The monastery of St. Florin in Schönau im Taunus was a double monastery. His younger sister Elizabeth, whose health had never been strong, had first entered the women's convent many years earlier as a student at the age of twelve. Despite objections from other members of the family, at Elizabeth's urging to come and record her visions, in 1155 he became a Benedictine at the monastery in Schönau. While a canon at Bonn he often had occasion to speak with Cathars, and after his monastic profession, was invited by Rainald of Dassel, Archbishop of Cologne, to debate publicly with the leaders of the sect in Cologne itself.

Around 1155 several tombs were discovered in Cologne, which were soon reported to contain the remains of Saint Ursula and her companions. This prompted Eckbert to compose a new account of her story. During the papal schism that followed the death of Pope Adrian IV, Eckbert supported Victor IV out of loyalty to the Emperor. In 1166, after the death of the first abbot, Hildelin, he was placed at the head of the monastery. As abbot, he promoted devotion to the Immaculate Heart of Mary. Theodore A. Koehler, S.M. credits Eckbert as "the first to compose a prayer in honor of Mary’s Immaculate Heart".

Eckbert preached and wrote much defending Church teachings against the doctrines of the Cathars. Around 1163, he wrote fourteen sermons against Catharism, Sermones contra Catharos.
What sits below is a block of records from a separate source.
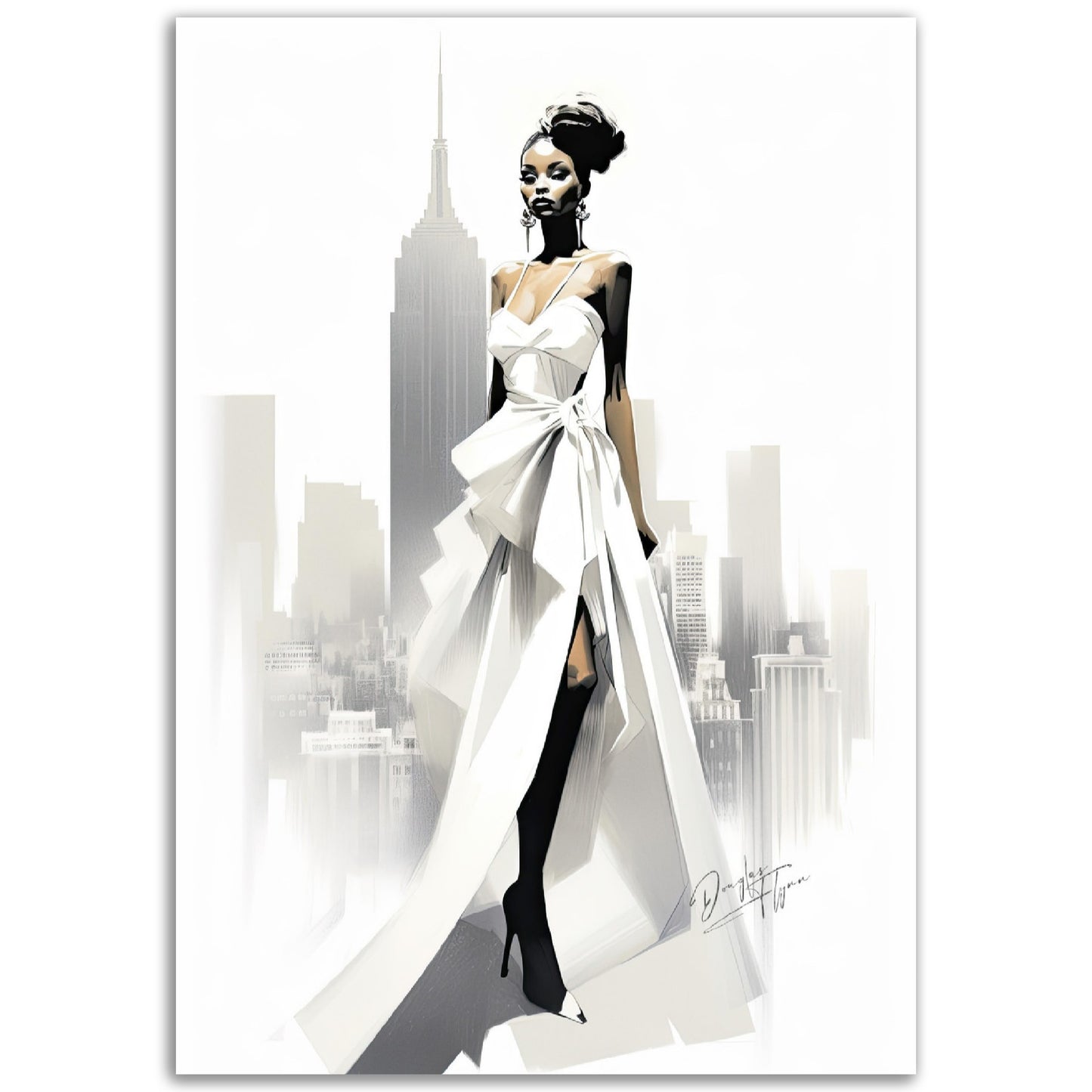 »Bold Asymmetrical Wedding Dress, 2010s with Oversized Bow«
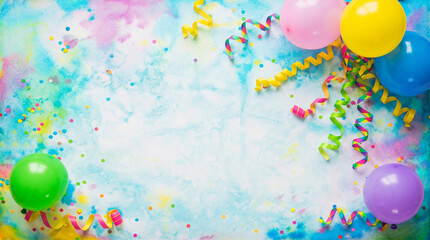 Vibrant birthday celebration background with colorful latex balloons, curly ribbon streamers, and confetti on a pastel watercolor tie-dye texture with central copyspace
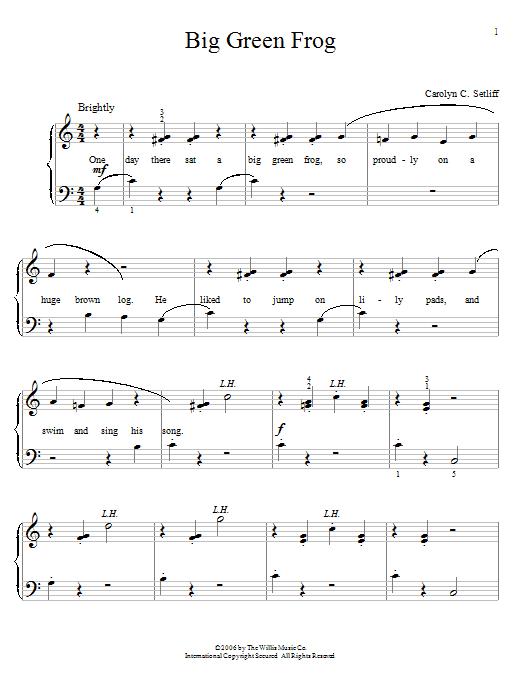Carolyn C. Setliff Big Green Frog Sheet Music Notes & Chords for Educational Piano - Download or Print PDF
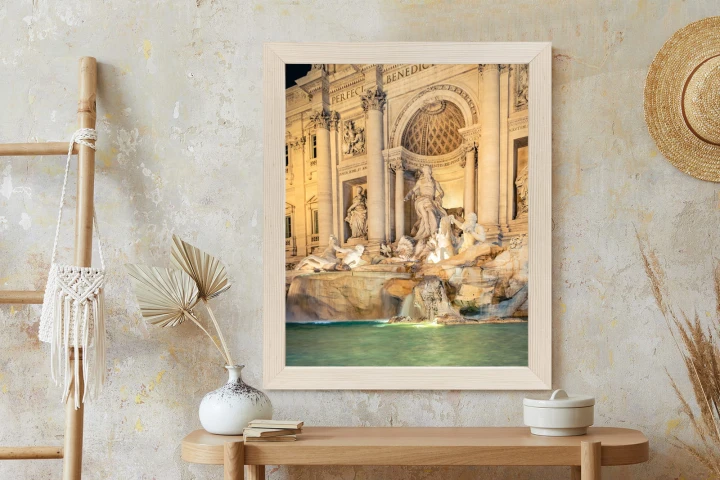 Plakat Fontanna Di Trevi W Rzymie Nocą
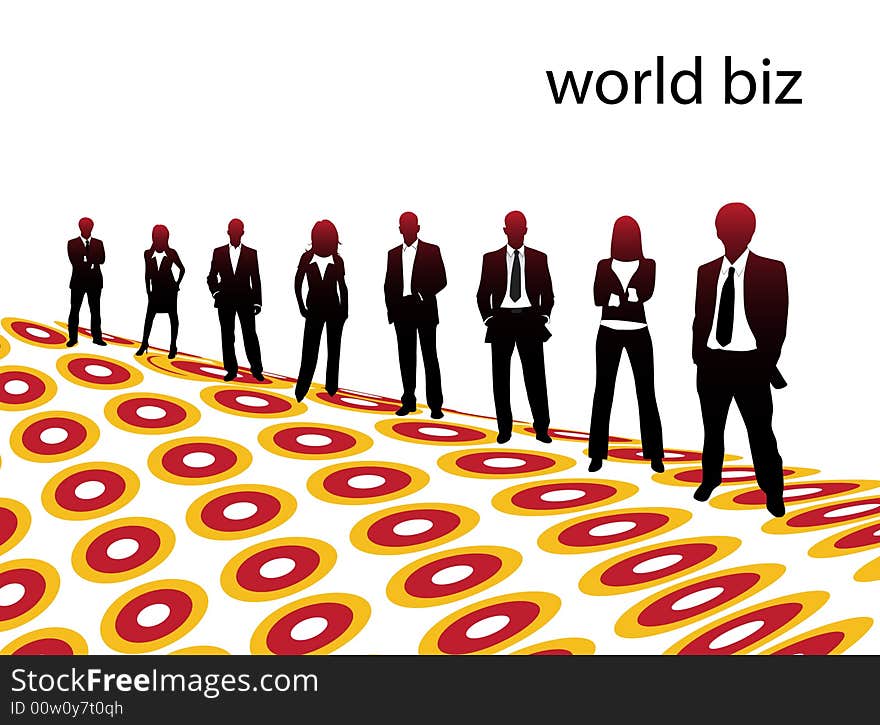 Illustration of business people... world biz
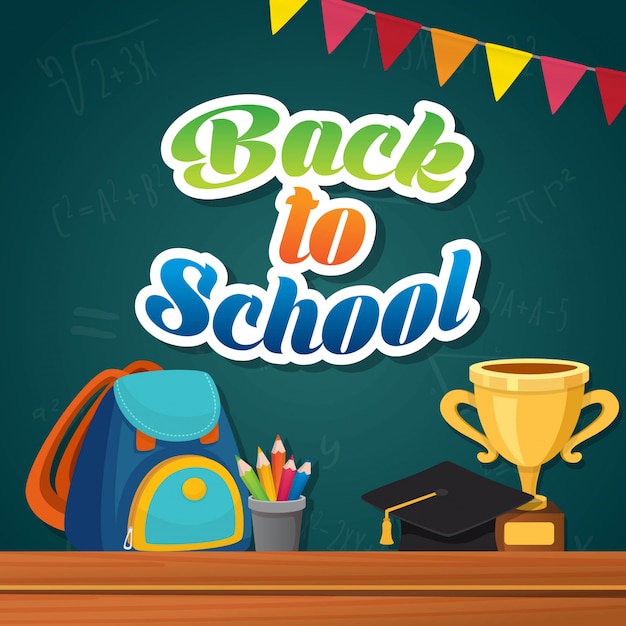 Vector back to school composition poster design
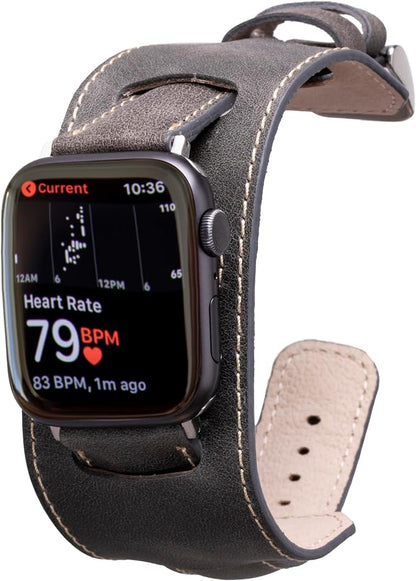 HARDISTON Cuff Watch Band Compatible with Apple 38mm for men & women, Handmade Genuine Leather, Compatible with iWatch Series 11 10 9 8 7 6 5 4 3 2 1 SE Ultra, Wrist Bracelet Band, Small/Band-Grey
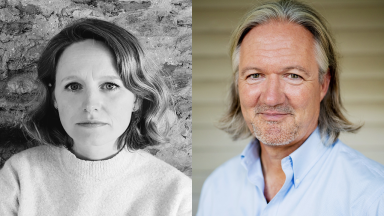 Photograph of woman on the left. Photograph of a man on the right.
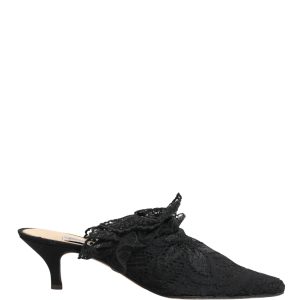 Black Lace Heels Sandals Shoes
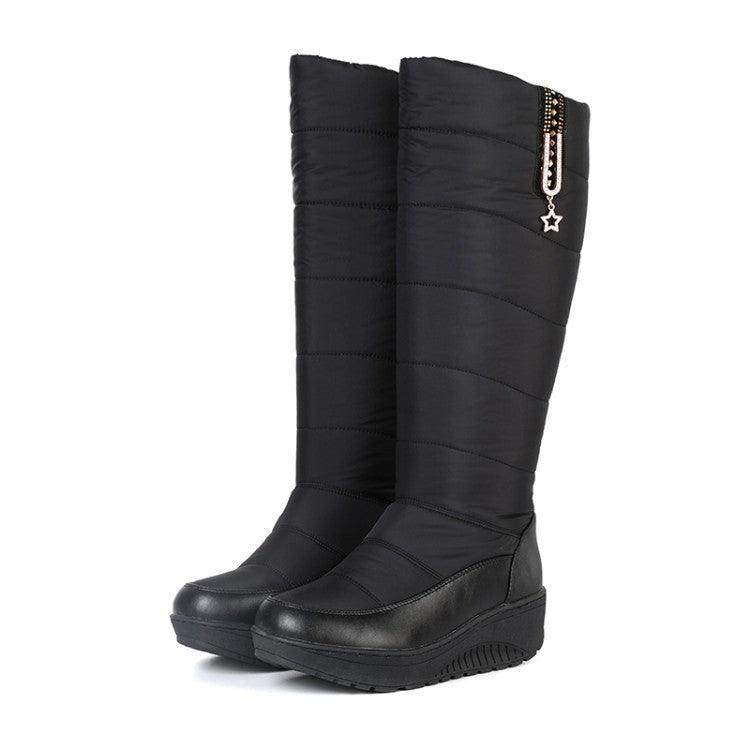 Thick Fur Snow Boots Wedge Casual High Leg Boot - Magellan Fashion Shop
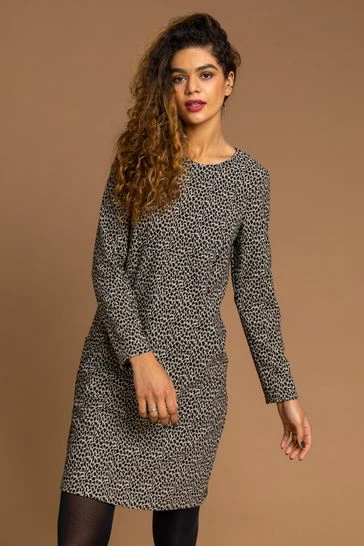 Roman Brown Animal Print Ponte Shift Dress 7 Roman Brown Animal Print Ponte Shift Dress - Image 5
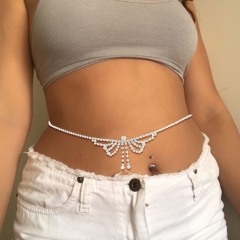 Versatile Rhinestone Waist Chain Europe And America Sexy Bow Belt Supplier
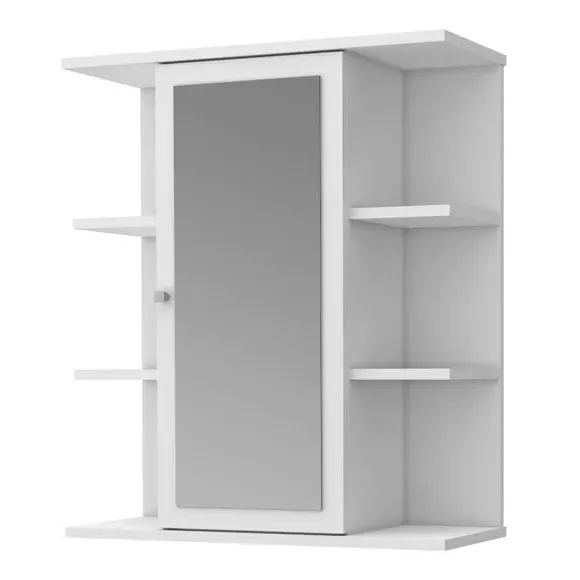 Ipsarion Mirrored 1 Door Wall Cabinet - White alternate view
He drew from Augustine of Hippo's discussion of the Manichæans to describe what he believed to be their origins, but distinguished the contemporary sect from the earlier version. Eckbert offers a detailed account of the early stage of Catharism in the Rhineland.

Upon her death in 1164, Elizabeth, who was by then Abbess, admonished her brother to remain in the cloister. Although he was later offered higher appointments, he followed her advice. Eckbert died in 1185 and was buried next to his sister near the high altar in the monastery church.

==Works==
Eckbert's writings on the humanity of Christ influenced Bonaventure's Lignum vitae. On the death of Eizabeth in 1164, he wrote the mournful treatise De obitu dominae Elisabeth.

Among his works are:
- De Laude Crucis (Patrologia Latina, CXCV)
- Soliloquium seu Meditationes - 18 prayers or meditations praising the love of Jesus Christ.
- Ad Beatam Virginem Deiparam sermo Panegyricus (Patrologia Latina, CXCV, CLXXXIV)
- De sanctâ Elizabethâ virgine, a biography of his sister Elizabeth of Schönau, a Benedictine nun and famous visionary and mystic, a portion of which is in Patrologia Latina, CXCV, also in Acta Sanctorum, June, IV, 501 sqq. (ed. Victor Palmé, 1867).
- Stimulus Amoris (Goad of Love) - a treatise on Christ's Passion formerly attributed to Bernard of Clairvaux.
- Complete edition of his works in Roth, "Die Visionen der hl. Elisabeth und die Schriften der Aebte Ekbert und Emecho von Schönau" (Brno, 1884).